Un problema cada vez más recurrente es que en todas partes se quiere ubicar a la gente en algún lugar de la polarización, o se le obliga a que se pronuncie para poder ubicarla. Y si no lo hace, se interpreta por qué estaría ocultando su pertenencia a un extremo o al otro. Hay poco espacio para la reflexión crítica, para tender puentes, para el diálogo honesto y la atención a los argumentos. Una de las tendencias más preocupantes de recortes de la libertad de pensamiento es la censura social en nombre de la tolerancia, donde en realidad no se censura la agresión o la violencia, sino simplemente las ideas que no gustan, las que incomodan, las que no se quieren escuchar en la pureza incontaminada de la propia burbuja. Se tiende a recortar la posibilidad de expresar ideas disonantes con la sinfonía de turno, tratando de convencer a quien se ha censurado de que sus ideas “no construyen”, o son “ofensivas”.
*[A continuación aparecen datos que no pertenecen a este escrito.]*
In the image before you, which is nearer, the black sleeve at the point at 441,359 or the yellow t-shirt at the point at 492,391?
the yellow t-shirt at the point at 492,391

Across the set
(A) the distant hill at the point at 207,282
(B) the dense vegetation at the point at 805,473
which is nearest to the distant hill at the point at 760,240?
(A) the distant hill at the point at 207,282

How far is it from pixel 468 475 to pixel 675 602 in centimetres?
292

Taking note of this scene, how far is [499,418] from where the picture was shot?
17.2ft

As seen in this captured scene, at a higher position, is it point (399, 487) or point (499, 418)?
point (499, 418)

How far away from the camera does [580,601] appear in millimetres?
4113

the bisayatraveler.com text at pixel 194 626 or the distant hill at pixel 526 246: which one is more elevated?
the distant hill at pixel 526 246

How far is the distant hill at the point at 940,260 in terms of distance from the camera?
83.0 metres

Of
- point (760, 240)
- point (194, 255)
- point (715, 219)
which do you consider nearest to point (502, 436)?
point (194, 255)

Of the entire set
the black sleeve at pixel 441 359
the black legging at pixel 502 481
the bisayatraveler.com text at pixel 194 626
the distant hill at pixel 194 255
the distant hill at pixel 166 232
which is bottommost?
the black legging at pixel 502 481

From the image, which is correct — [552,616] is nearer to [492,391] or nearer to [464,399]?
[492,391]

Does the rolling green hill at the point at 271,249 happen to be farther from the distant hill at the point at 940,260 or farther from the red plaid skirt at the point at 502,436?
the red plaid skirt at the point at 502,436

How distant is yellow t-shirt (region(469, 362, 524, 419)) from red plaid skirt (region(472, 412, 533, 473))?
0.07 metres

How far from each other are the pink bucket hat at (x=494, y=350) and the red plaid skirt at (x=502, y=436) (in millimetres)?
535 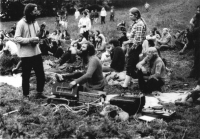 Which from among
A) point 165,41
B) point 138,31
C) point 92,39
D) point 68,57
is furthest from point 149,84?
point 92,39

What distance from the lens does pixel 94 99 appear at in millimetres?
5762

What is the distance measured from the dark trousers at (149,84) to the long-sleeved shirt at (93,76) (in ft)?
4.49

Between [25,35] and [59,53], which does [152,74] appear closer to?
[25,35]

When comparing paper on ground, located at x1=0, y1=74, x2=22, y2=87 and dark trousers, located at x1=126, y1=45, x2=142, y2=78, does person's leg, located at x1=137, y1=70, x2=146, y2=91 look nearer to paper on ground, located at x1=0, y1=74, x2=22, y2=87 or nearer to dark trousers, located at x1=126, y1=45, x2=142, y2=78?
dark trousers, located at x1=126, y1=45, x2=142, y2=78

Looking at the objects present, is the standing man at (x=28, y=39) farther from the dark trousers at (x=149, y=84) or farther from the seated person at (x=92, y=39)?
the seated person at (x=92, y=39)

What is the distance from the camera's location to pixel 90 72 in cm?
615

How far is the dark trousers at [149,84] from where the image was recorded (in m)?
7.37

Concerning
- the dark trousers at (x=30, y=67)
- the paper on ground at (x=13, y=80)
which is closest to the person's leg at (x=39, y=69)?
the dark trousers at (x=30, y=67)

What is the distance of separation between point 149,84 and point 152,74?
0.38 metres

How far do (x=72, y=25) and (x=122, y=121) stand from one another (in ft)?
58.9

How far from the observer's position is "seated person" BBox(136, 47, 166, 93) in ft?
24.2

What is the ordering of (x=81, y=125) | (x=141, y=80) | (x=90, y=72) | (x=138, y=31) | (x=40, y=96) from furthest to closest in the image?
(x=141, y=80)
(x=138, y=31)
(x=40, y=96)
(x=90, y=72)
(x=81, y=125)

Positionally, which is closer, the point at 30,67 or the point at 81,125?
the point at 81,125

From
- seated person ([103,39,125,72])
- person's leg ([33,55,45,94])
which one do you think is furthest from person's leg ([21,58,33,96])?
seated person ([103,39,125,72]) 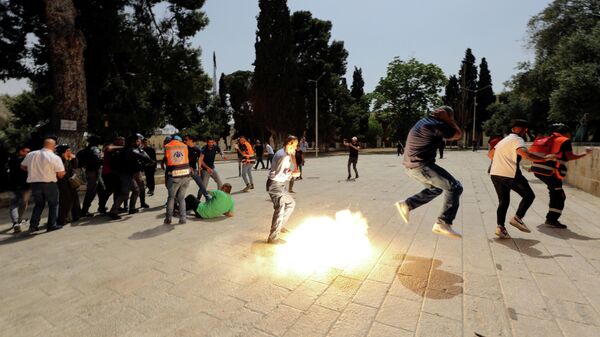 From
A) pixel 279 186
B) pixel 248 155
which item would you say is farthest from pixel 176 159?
pixel 248 155

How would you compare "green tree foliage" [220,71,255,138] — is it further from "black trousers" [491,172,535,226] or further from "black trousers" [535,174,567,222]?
"black trousers" [491,172,535,226]

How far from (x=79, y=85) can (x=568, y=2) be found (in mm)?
27596

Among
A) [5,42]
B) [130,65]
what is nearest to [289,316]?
[5,42]

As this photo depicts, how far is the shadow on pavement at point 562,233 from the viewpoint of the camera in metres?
4.61

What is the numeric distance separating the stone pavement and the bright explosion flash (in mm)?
166

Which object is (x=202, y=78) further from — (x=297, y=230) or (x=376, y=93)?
(x=376, y=93)

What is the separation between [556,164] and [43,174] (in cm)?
911

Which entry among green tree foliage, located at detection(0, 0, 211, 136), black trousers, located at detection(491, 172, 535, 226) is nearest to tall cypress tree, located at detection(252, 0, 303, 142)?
green tree foliage, located at detection(0, 0, 211, 136)

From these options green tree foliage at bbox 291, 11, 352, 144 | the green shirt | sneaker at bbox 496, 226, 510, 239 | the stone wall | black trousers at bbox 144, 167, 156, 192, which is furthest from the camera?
green tree foliage at bbox 291, 11, 352, 144

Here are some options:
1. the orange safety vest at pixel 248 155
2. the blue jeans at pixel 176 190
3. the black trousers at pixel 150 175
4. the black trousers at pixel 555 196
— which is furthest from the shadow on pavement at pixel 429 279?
the black trousers at pixel 150 175

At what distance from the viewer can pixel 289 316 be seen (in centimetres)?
259

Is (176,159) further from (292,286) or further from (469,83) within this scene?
(469,83)

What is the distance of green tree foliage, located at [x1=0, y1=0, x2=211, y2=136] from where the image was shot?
13.0 metres

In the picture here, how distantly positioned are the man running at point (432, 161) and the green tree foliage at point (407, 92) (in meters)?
46.5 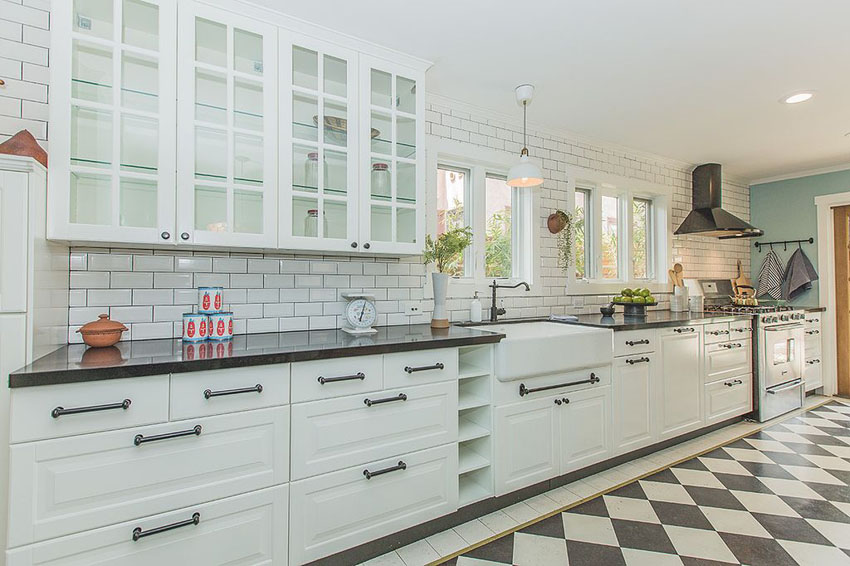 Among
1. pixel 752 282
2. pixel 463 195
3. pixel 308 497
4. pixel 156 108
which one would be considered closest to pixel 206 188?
pixel 156 108

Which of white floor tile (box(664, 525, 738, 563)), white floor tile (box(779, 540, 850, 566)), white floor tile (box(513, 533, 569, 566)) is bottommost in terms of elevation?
white floor tile (box(513, 533, 569, 566))

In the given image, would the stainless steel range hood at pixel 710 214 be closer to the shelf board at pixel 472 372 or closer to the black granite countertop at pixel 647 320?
the black granite countertop at pixel 647 320

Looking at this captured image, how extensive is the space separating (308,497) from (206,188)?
1.43 meters

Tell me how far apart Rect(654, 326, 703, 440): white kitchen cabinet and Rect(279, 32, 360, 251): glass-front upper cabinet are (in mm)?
2459

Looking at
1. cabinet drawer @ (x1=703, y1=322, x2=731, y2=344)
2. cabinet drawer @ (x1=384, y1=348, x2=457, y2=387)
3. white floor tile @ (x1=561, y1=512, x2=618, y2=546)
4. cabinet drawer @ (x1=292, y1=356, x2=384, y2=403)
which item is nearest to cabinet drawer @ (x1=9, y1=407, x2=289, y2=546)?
cabinet drawer @ (x1=292, y1=356, x2=384, y2=403)

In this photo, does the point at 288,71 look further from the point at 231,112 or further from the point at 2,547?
the point at 2,547

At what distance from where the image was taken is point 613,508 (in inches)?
90.0

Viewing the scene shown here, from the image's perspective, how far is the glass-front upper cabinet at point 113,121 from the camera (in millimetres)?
1603

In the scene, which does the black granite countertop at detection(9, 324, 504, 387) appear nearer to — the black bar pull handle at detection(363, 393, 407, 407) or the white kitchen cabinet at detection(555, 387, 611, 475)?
the black bar pull handle at detection(363, 393, 407, 407)

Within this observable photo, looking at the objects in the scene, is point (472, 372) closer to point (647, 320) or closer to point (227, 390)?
point (227, 390)

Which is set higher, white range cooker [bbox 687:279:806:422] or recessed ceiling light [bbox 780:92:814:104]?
recessed ceiling light [bbox 780:92:814:104]

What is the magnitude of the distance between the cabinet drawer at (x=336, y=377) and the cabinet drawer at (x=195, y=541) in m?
0.38

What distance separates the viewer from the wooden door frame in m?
4.57

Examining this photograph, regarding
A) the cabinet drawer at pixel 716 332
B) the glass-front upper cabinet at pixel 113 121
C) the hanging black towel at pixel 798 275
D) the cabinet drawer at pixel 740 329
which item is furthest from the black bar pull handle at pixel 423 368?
the hanging black towel at pixel 798 275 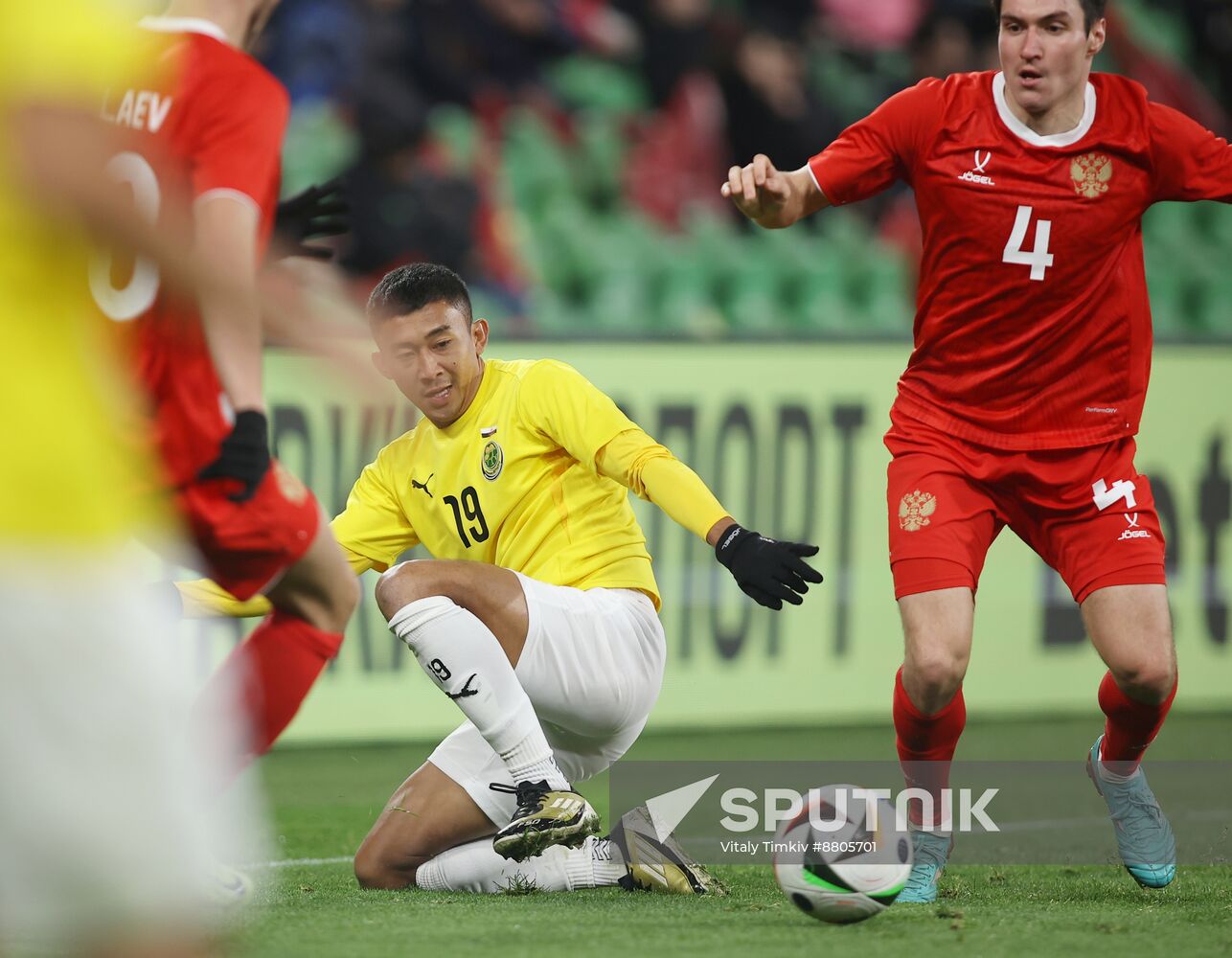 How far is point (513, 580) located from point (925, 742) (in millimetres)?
1133

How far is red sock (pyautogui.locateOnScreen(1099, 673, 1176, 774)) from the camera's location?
4414 millimetres

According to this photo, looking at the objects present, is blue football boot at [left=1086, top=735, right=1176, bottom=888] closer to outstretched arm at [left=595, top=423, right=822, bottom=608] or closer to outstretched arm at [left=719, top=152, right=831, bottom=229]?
outstretched arm at [left=595, top=423, right=822, bottom=608]

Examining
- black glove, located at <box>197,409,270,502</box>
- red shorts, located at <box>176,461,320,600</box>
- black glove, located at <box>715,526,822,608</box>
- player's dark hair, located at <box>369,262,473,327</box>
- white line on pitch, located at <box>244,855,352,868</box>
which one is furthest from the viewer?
white line on pitch, located at <box>244,855,352,868</box>

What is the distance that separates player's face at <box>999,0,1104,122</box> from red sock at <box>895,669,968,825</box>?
151 cm

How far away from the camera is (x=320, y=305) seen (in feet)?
9.55

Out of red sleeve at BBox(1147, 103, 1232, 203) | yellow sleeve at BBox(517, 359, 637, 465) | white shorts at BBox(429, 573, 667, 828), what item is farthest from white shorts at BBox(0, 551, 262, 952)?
red sleeve at BBox(1147, 103, 1232, 203)

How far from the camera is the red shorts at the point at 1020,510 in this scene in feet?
14.3

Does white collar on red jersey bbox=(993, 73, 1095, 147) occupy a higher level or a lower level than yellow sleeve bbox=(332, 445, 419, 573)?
higher

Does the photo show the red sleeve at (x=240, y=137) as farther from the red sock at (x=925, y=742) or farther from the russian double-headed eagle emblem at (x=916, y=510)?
the red sock at (x=925, y=742)

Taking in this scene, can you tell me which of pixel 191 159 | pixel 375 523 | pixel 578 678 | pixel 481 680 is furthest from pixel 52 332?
pixel 375 523

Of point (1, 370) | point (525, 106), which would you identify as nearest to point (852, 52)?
point (525, 106)

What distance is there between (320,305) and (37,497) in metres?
0.99

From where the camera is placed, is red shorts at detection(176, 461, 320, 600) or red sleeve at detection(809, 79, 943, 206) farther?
red sleeve at detection(809, 79, 943, 206)

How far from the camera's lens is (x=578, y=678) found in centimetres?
438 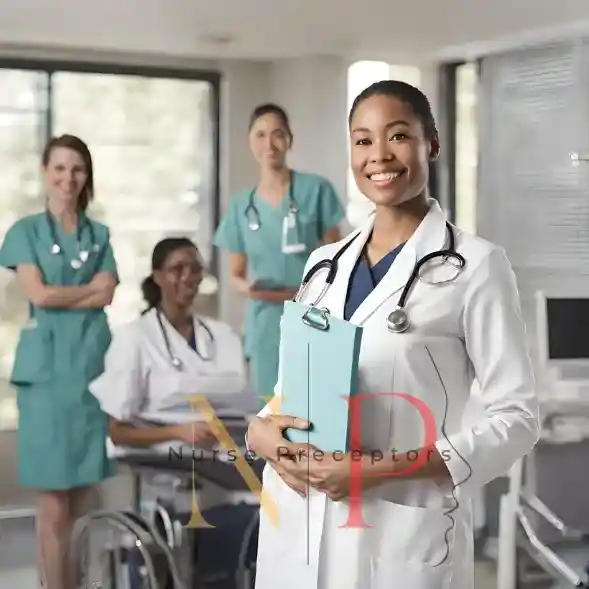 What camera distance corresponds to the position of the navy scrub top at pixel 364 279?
1.29 metres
El emotivismo predominante en cualquier discusión hace que las razones y argumentos sean sofocados y silenciados por el torbellino de sentimientos que eluden la confrontación crítica. La censura disfrazada de tolerancia impone que de ciertos temas no se puede discutir, debido a que alguien podría sentirse ofendido. Y no porque le ataquen personalmente, sino porque la idea expresada le molesta, le pone incómodo.
No son pocos los que intentan ocultar su propia incapacidad para tolerar discrepancias, caricaturizando a los que piensan distinto o estigmatizándolos con una etiqueta de “intolerante” o “fanático”, cuando en realidad el otro solo quiere presentar sus argumentos y entrar en debate. Así se evitan la incomodidad de tener que argumentar racionalmente. Al estigmatizar al otro, lo dejo fuera del debate y puedo imponer una visión única e incuestionable.